In the meantime, the O2 brand is set to fade away ("wherever the O2 logo once appeared, you will soon see the Three logo" runs the spiel), in much the same way that Orange, Cellnet and One2One did, with T-Mobile still sort of existing as a sub-brand of EE (still visible if you use a dongle, as a previous T-mobile customer, for instance) and EE itself is perhaps set to go the same way as part of BT. And, of course, regardless of Mr Li's intentions, fewer providers inevitably means less competition, and almost inevitably higher prices.
But what are Three and O2 telling their customers about the buyout? Unsurprisingly, they are both on message, with the same key statements on both providers' websites. There is to be no change to contract or customer service.
The two companies also hint at improved coverage – "Over the next few months, we'll continue to invest in building a state-of-the-art 4G network which will ensure even better coverage right across the country". Also, there's mention of increased broadband speeds: "Our combined capabilities mean we're equipped for the fastest possible rollout. This will create a super-fast network for all our customers providing even faster broadband speeds". It remains to be seen if this is all hot air, of course, and what, if anything, it will cost the customer.
Those O2 customers registered for Priority Tickets will still receive notifications and be able to acquire presale tickets for 3Arena, so it'll be interesting to see if this is rolled out across the Three customer base, or quietly retired. And O2 Money customers will see no changes to their accounts.
A changing market
What's clear from all this takeover talk is that the UK mobile market is unlikely to ever be the same again. This won't be the last buyout or merger, and we can expect more BT/EE-style couplings too, perhaps involving Sky or Virgin Media – who would both love to be able to join the quad-play party – if credit ratings outfit Standard & Poor's is to be believed. They expect to see additional 'fixed-mobile' combinations in the mould of BT-EE, as companies look to add revenue and synchronise costs.
International Business Times' Edmund Shing reckons any merger action could involve Vodafone next, with AT&T, China Mobile, Softbank Mobile (formally Vodafone Japan) and US mobile operator Sprint all likely suitors.
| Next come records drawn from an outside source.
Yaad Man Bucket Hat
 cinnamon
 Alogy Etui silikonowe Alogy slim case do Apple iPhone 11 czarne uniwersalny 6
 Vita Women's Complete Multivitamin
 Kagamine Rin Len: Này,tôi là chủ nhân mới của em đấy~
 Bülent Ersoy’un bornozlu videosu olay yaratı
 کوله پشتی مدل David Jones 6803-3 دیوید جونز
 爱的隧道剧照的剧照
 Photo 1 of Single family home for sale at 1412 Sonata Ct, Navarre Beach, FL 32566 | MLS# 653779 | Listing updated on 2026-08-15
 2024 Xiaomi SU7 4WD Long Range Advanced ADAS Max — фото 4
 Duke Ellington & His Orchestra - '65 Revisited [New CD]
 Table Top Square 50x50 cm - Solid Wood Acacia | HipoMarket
But Vodafone could also look to turn poacher, with Vodafone CEO Vittario Colao stating that he'd push Vodafone towards consumer broadband if BT moved into mobile.
Considering this statement was made days before it was confirmed that BT was in talks to buy O2, last autumn, and considering which company BT ultimately moved for, it shows what a fast moving industry the mobile market currently is.
Anything, it seems, is possible, and there are likely to be more 'twists and turns', as Sky pundits and Premier League managers like to say, before we have a crystal clear picture of where the market is heading – although it's a pretty good bet that we'll see higher prices before long, and I wouldn't rule out Sky getting involved somehow.